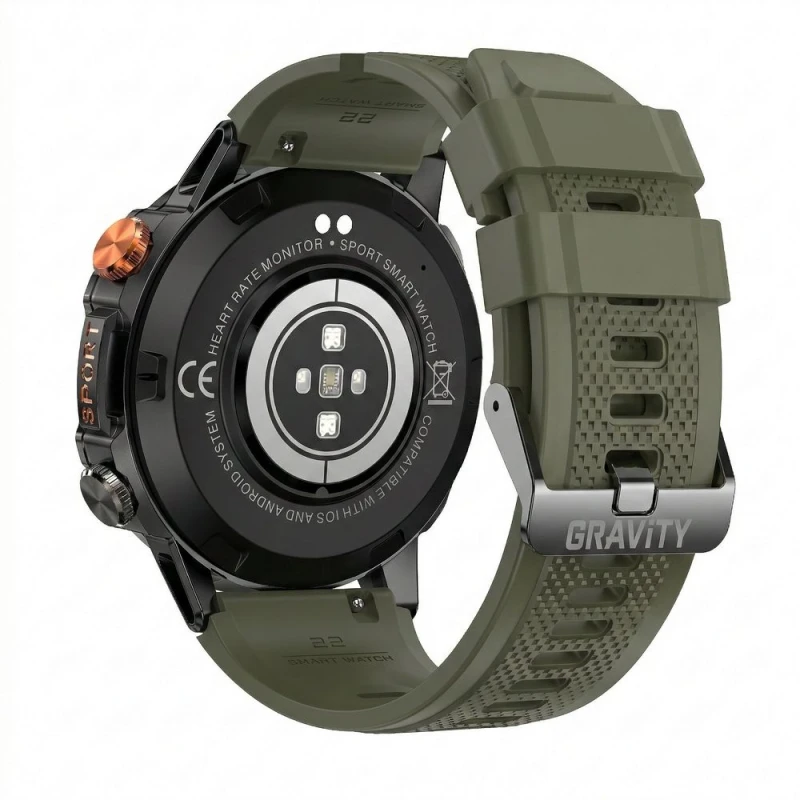 Smartwatch Gravity Czarny 2 Paski GT20-7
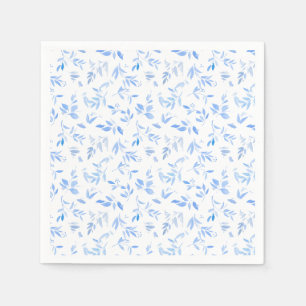 Serviette En Papier Élégant Mariage de la flore française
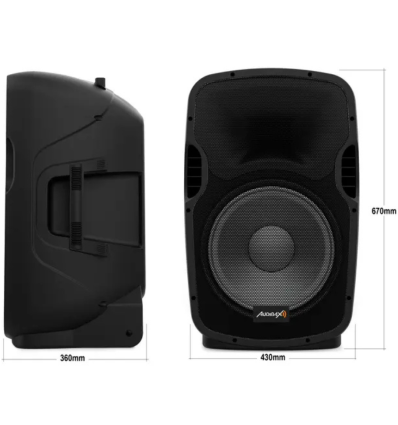 Audibax Party 215 LED Set 2 Altavoces 15″ Bluetooth 1200W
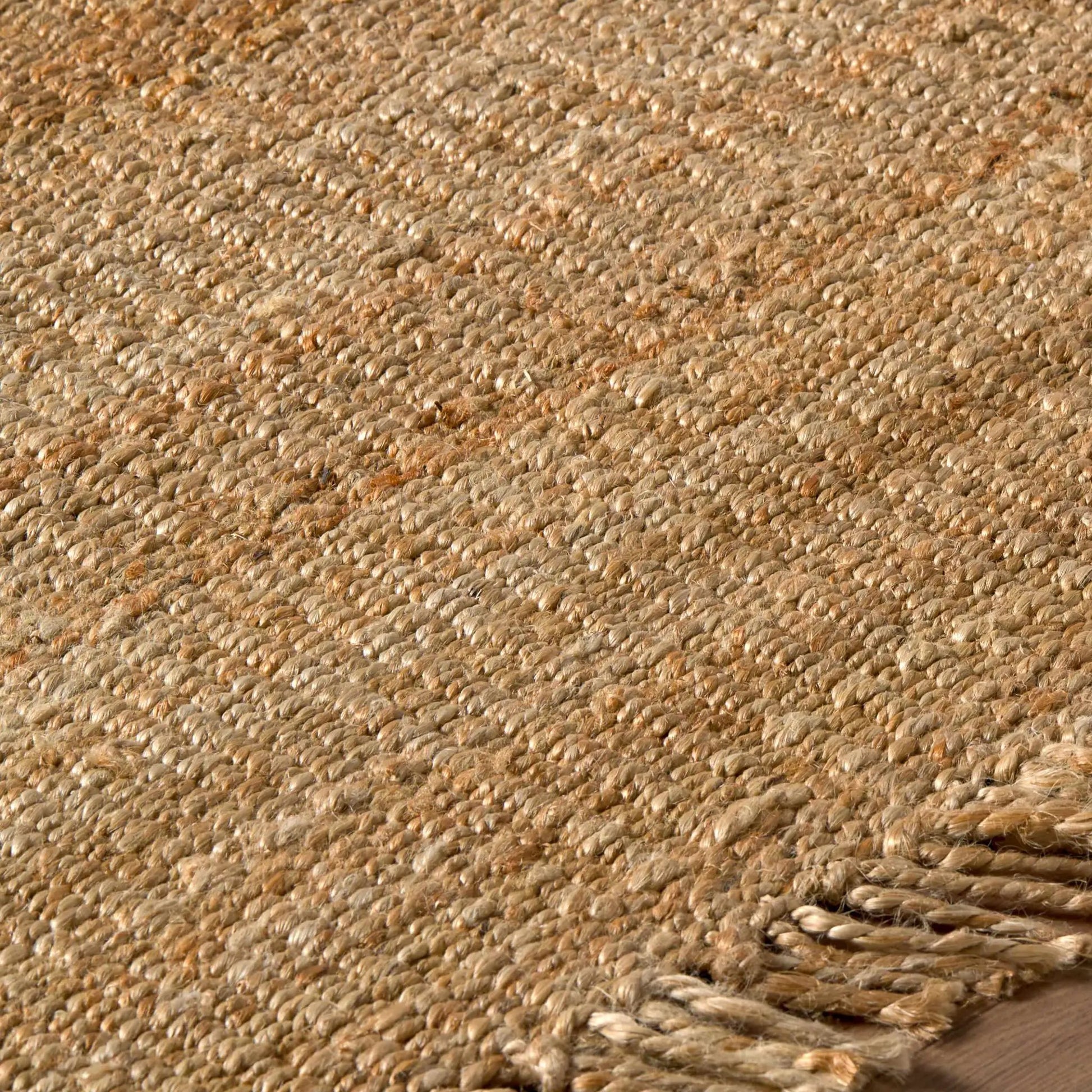 Oaks Perfect Flatweave Jute Rug, natural beige jute texture, Boutique Rugs on Tampa Home & Garden Store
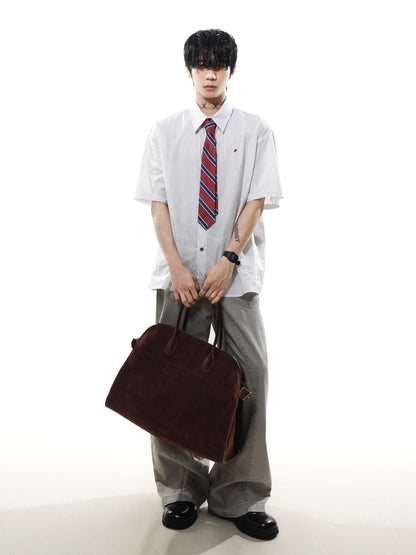 Tie striped academy windy shirt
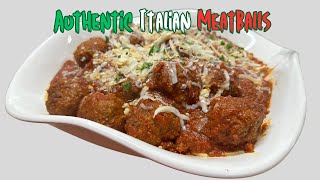 Straight from Italy Meatballs over Pasta Recipe [upl. by Nillok]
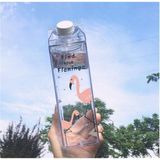 Odea 1 Adet 500ML Mika Süt Bardağı Su Kahve Içecek Şişesi | Cam Değildir | Kahve ve Sunum Bardağı Flamingo - 00-Siyah - Beyaz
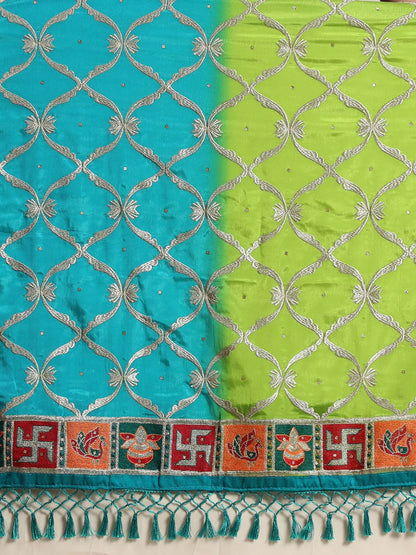 Soft Chinnon Padding Silk With Sequence Work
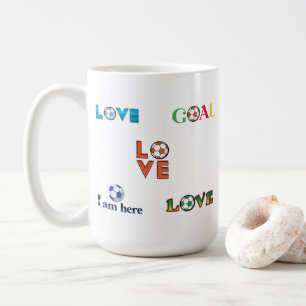 Funny Soccer Cup Aufkleber Kaffeetasse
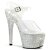 Pleaser Sandalia de Tacón BEJEWELED-708DM Plata Transparente Metalizado EU-37 / US-7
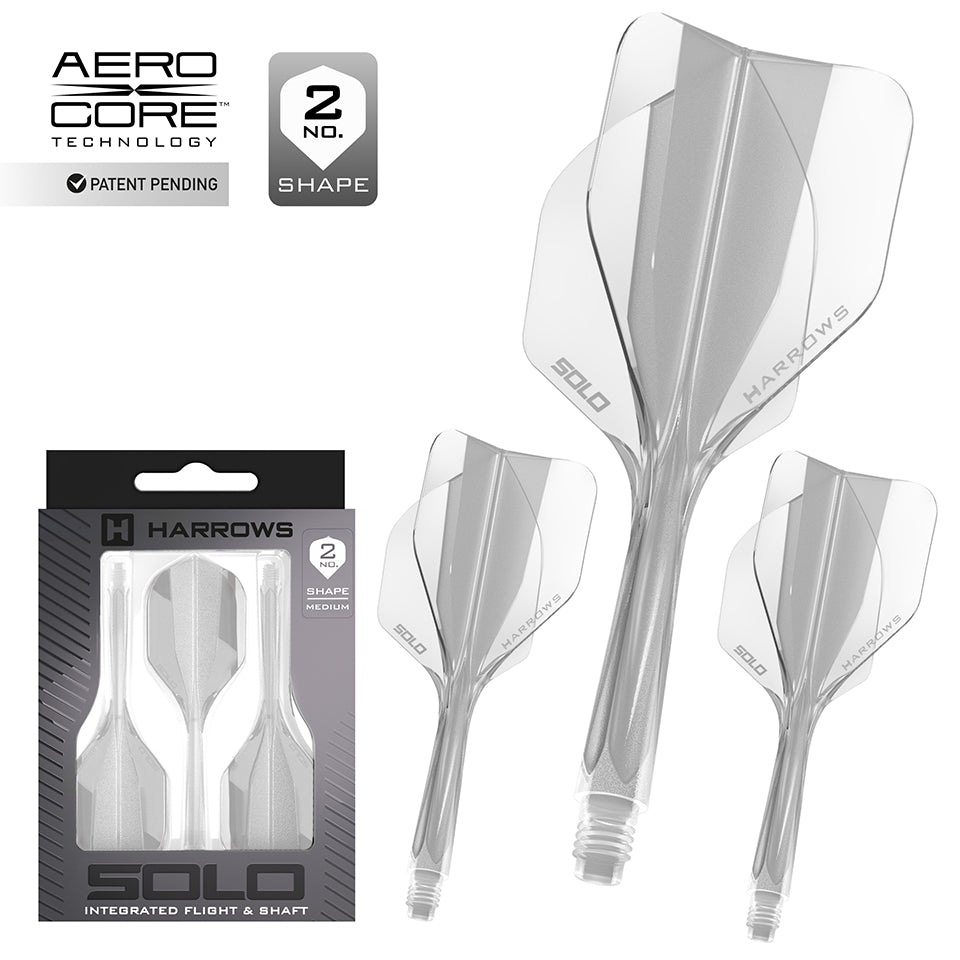 Harrows Solo Flight & Shaft System - No2 Short Clear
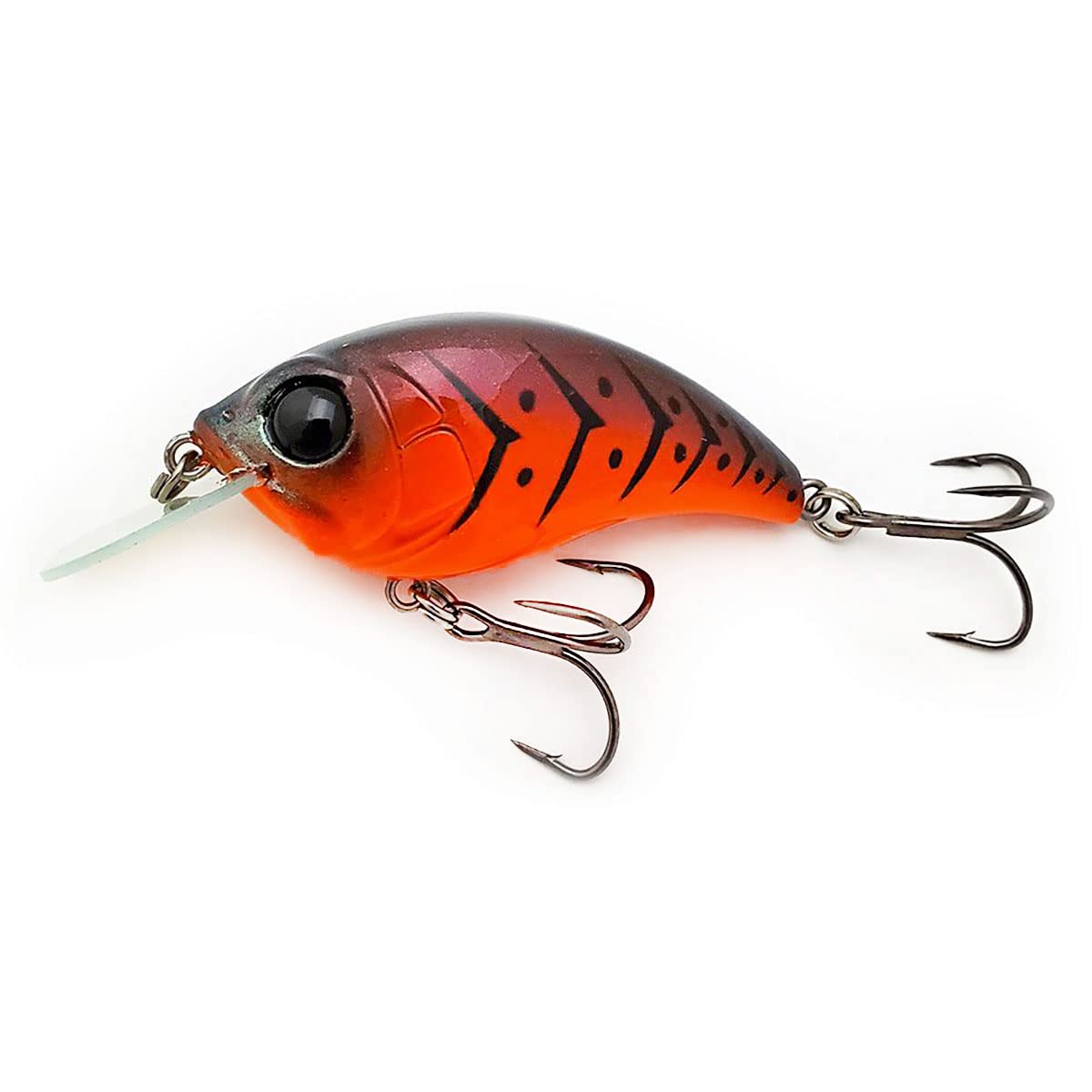BILL LEWIS Lifelike SB-57 3/8 OZ. MDJ Series Squarebill Crankbait Fishing Lure with Mustad Triple Grip Hooks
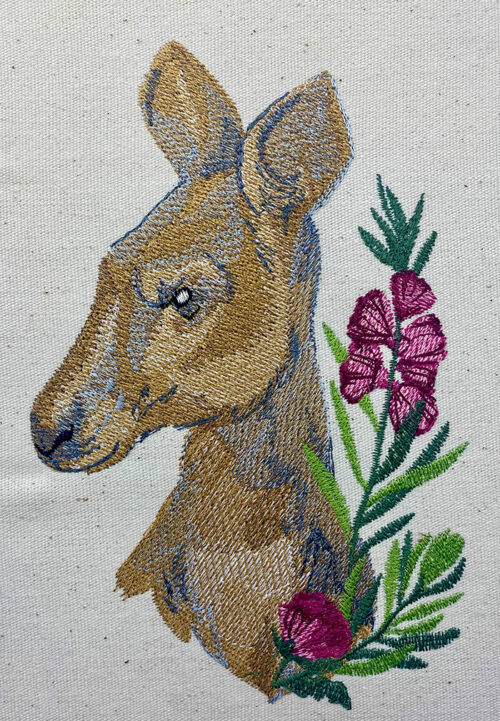 deluxe kangaroo embroidery design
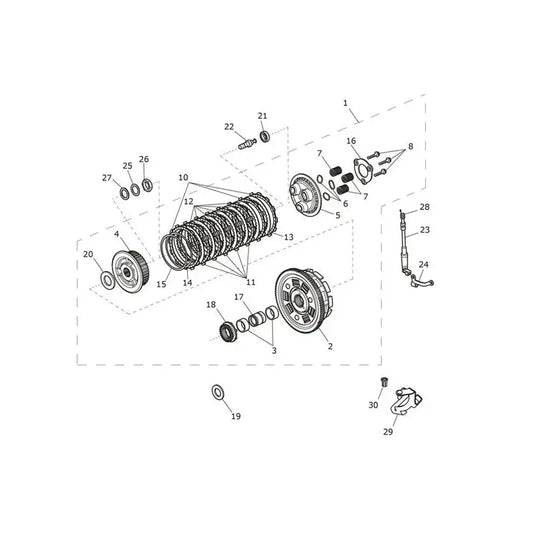 Embrayage Bonneville Speedmaster VIN AC1201 à CM2411 Micro-Fiche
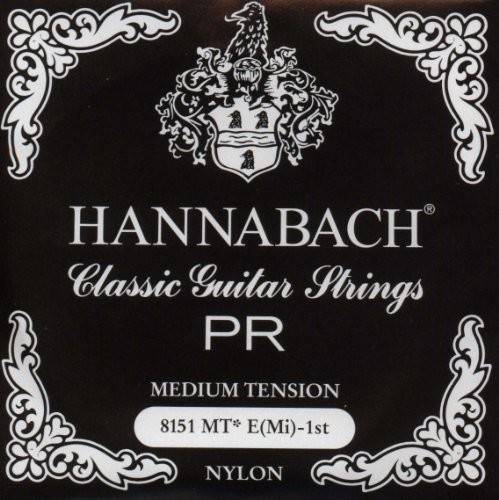 Hannabach Klassik Gita rrensaiten Serie 815 Medium Tension Silver Special E1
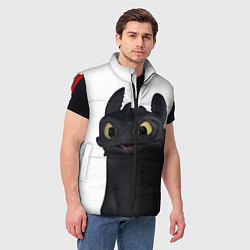 Мужской жилет Черная фурия, цвет: 3D-красный — фото 2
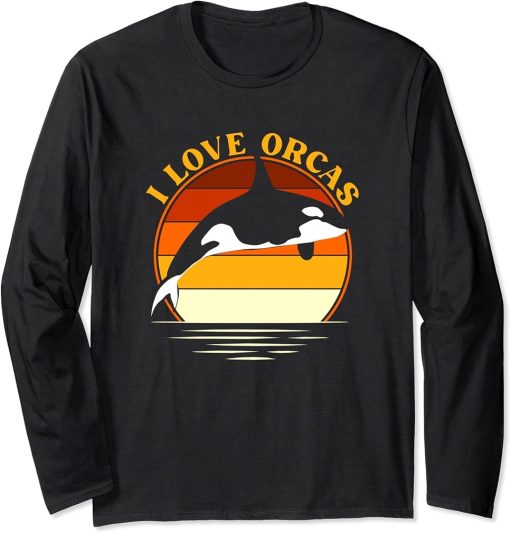 I Love Orcas Long Sleeve T-Shirt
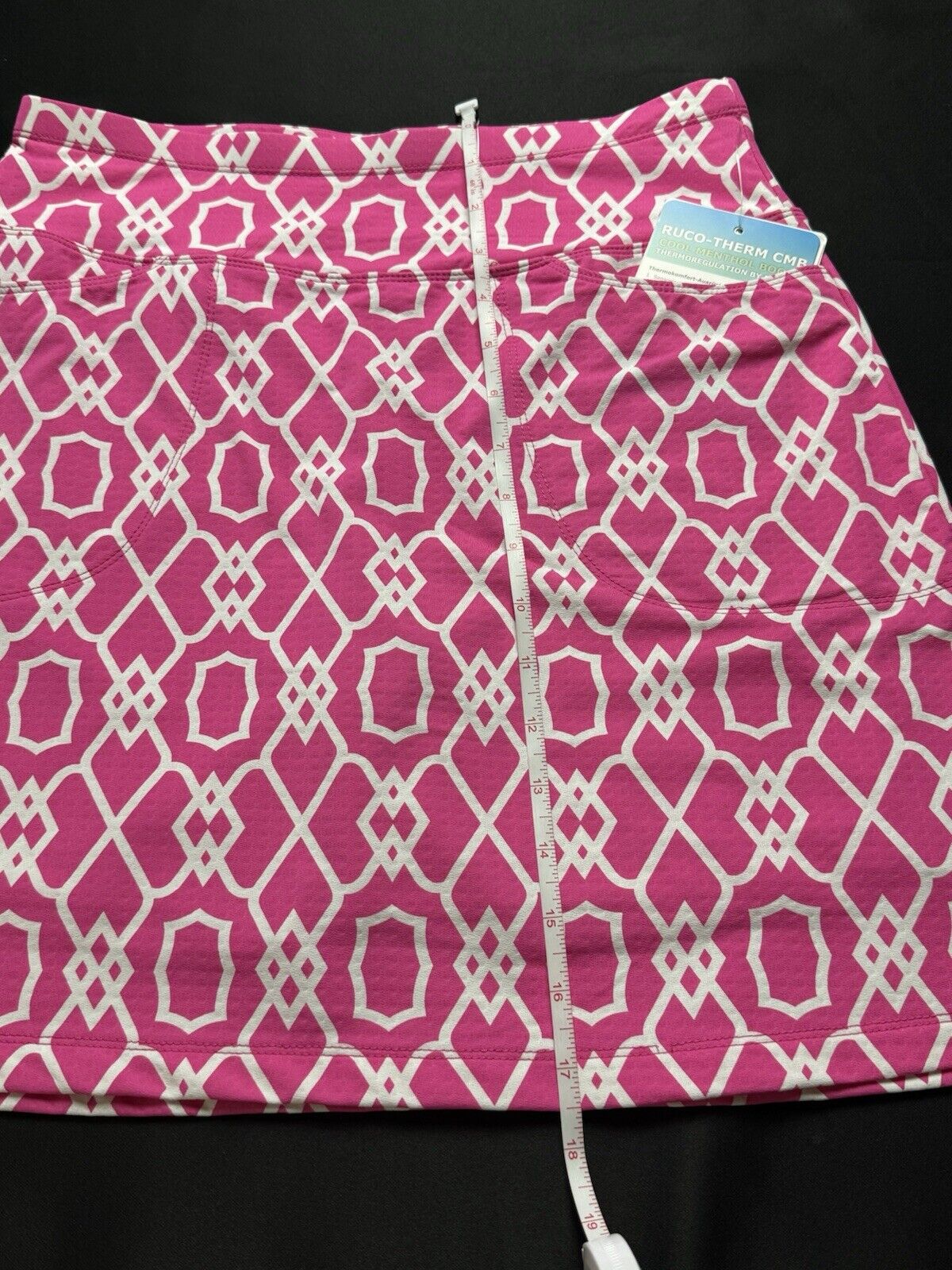 G LIFESTYLE BY GOTTEX Golf Tennis Skirt Skort Pink Size S (B.82)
- - - - -
▸ TASK REQUIREMENTS
The lines from the one holding "Odea 1 Adet" to the final line of the entries are to be duplicated exactly, and the pictures are to be left out.

▸ WRITTEN SOLUTION
 Odea 1 Adet 500ML Mika Süt Bardağı Su Kahve Içecek Şişesi | Cam Değildir | Kahve ve Sunum Bardağı Flamingo - 00-Siyah - Beyaz
 Soft Chinnon Padding Silk With Sequence Work
 Funny Soccer Cup Aufkleber Kaffeetasse
 Pleaser Sandalia de Tacón BEJEWELED-708DM Plata Transparente Metalizado EU-37 / US-7
 Harrows Solo Flight & Shaft System - No2 Short Clear
BILL LEWIS Lifelike SB-57 3/8 OZ. MDJ Series Squarebill Crankbait Fishing Lure with Mustad Triple Grip Hooks
 deluxe kangaroo embroidery design
 Embrayage Bonneville Speedmaster VIN AC1201 à CM2411 Micro-Fiche
 Hannabach Klassik Gita rrensaiten Serie 815 Medium Tension Silver Special E1
 Мужской жилет Черная фурия, цвет: 3D-красный — фото 2
 I Love Orcas Long Sleeve T-Shirt
 G LIFESTYLE BY GOTTEX Golf Tennis Skirt Skort Pink Size S (B.82)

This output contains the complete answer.